19 abr. 2024

Petta y las violaciones sin violencia

Alfredo Boccia Paz – @mengoboccia

Teresa Martínez, ministra de la Niñez y la Adolescencia, lo tiene claro y lo dice con todas las letras. Paraguay tiene un problema: La tasa de fecundidad adolescente más alta del Cono Sur. Puesto así, no suena tan grave, pero dicho de otro modo es una catástrofe social. En lo que va del año se embarazaron casi 300 nenas menores de 14 años. Y también más de 7.500 adolescentes de 14 a 19 años. La cifra anual de menores embarazadas siempre ronda los 20.000 casos.

Esta es una franja etaria de riesgo por su inmadurez física y sicológica y porque suelen tardar más en acudir a su primera consulta obstétrica y que tienden a no cumplir los controles prenatales. Antes de los quince años la posibilidad de muerte durante el embarazo se cuadruplica. Deberían estar jugando con muñecas, pero se ven cuidando a un bebé de verdad. Esas niñas que no deberían ser madres ven truncadas su infancia y su primera juventud y arruinan las de por sí pocas chances estadísticas que este país podía ofrecerles para salir de la pobreza.

Solo la mitad de estas niñas embarazadas terminará la primaria y para la otra mitad las oportunidades de educación ulterior seguirán siendo mínimas. Lo trágico de estas historias es que muchas de ellas son también hijas de madres adolescentes, pues hay una realidad social congelada que hace que los mismos comportamientos se repitan por generaciones. Imposibilitadas de conseguir un trabajo digno, mantienen parámetros de conducta, de consumo y de crianza de varias décadas atrás. Por eso, más allá del dolor y de la ruptura de proyectos personales, a nivel país tener cifras tan altas de embarazo infantil significa tener una fábrica de pobres.

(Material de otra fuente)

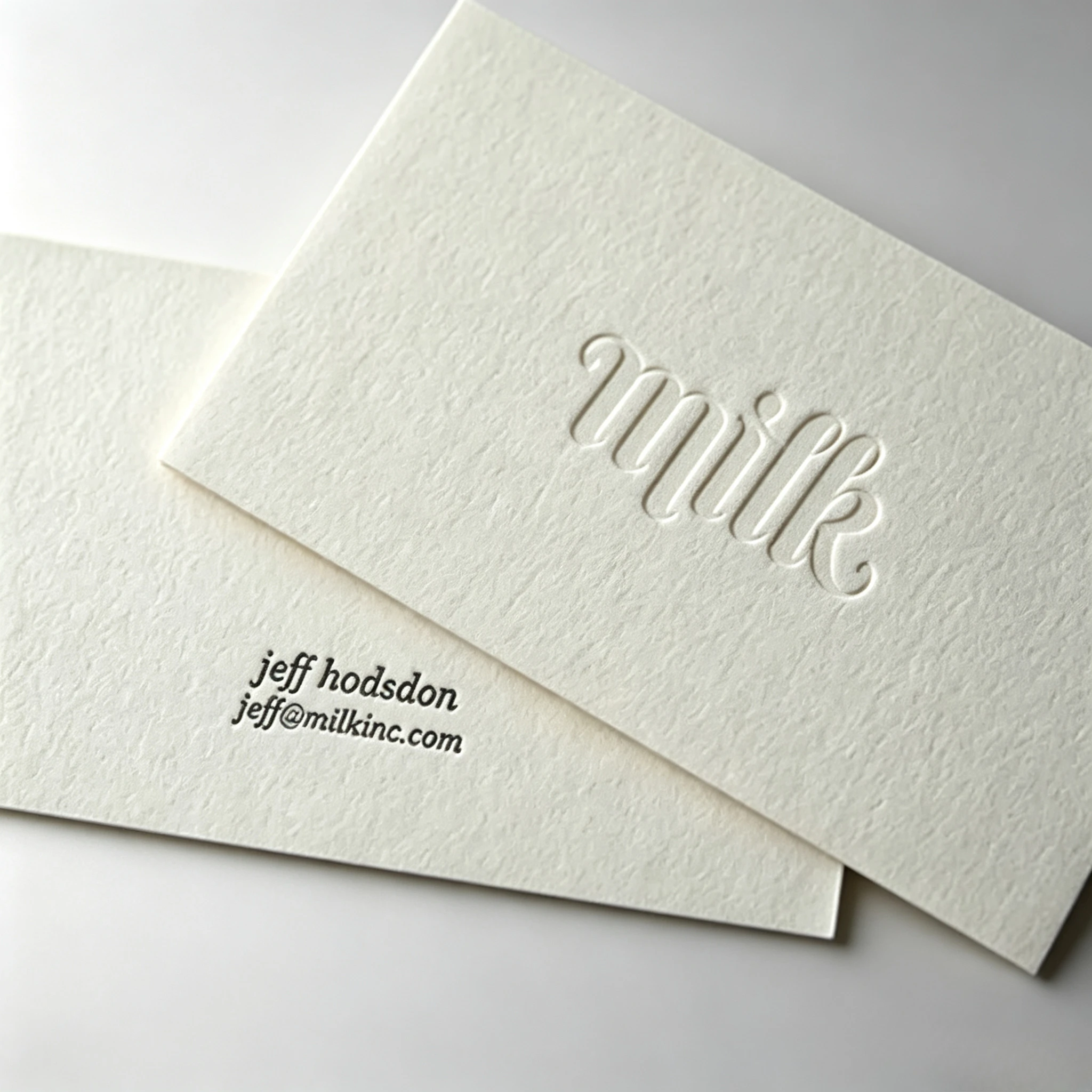 biglietti-da-visita-di-lusso-personalizzati-con-stampa-fronte-retro-su-cartoncino-dorato-logo-personalizzato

En el centro mismo de este drama radica una cuestión cultural. Todavía falta asumir que una niña embarazada es una niña abusada. Los casi 700 bebés dados a luz anualmente por niñas menores de 14 años son producto de abuso sexual, ya que no existe consentimiento libre e informado. Por eso, el ministro de Salud, Julio Mazzoleni, enfatizó que estos datos no solo deben ser mostrados, sino desnaturalizados. Deben dejar de ser considerados “normales”, deben ser denunciados.

Denunciar la violencia sexual es fundamental, pero es un gesto tardío. Lo ideal es prevenir, evitar que el daño ocurra. La familia juega un rol clave en garantizar la información y protección de los derechos de las niñas. De hecho, cuando el núcleo familiar está bien constituido las posibilidades del abuso infantil se alejan. Pero la mayor parte de nuestras familias no se parece a ese imaginario ideal. Un solo dato debería ser suficientemente explícito: El 80% de los casos de abuso sexual contra niñas y adolescentes se originan en el entorno familiar. Son violaciones sin violencia. Se trata de un adulto que “seduce”, induce o impone a una niña un relacionamiento sexual.

Como la familia sola no es suficiente para tratar estos temas tabú, los estados apelan a las escuelas para evitar los embarazos precoces. Es allí donde las niñas y niños deben aprender a cuidar su cuerpo y saber cuáles son las situaciones de riesgo. Se trata de un derecho infantil, no de una opción del Ministerio de Educación. Increíblemente, es a este nivel donde se tranca todo el proceso educativo. Una trama fanática y fundamentalista, dirigida por pastores y guías religiosos impone una confusa mezcla de creencias y dogmas para satanizar lo que debería ser obvio.

El ministro Eduardo Petta ha erradicado la educación sexual integral de la malla curricular paraguaya. Lo ha hecho pronunciando las maléficas palabras sacramentales: Ideología, aborto y género. Poco importa que la toda la información científica indique que niños y adolescentes informados retrasan por decisión propia el inicio de la actividad sexual y adoptan conductas de autocuidado.

Petta cree que evita el pecado. En realidad hace que más niñitas se embaracen mientras aprenden educación sexual con su celular.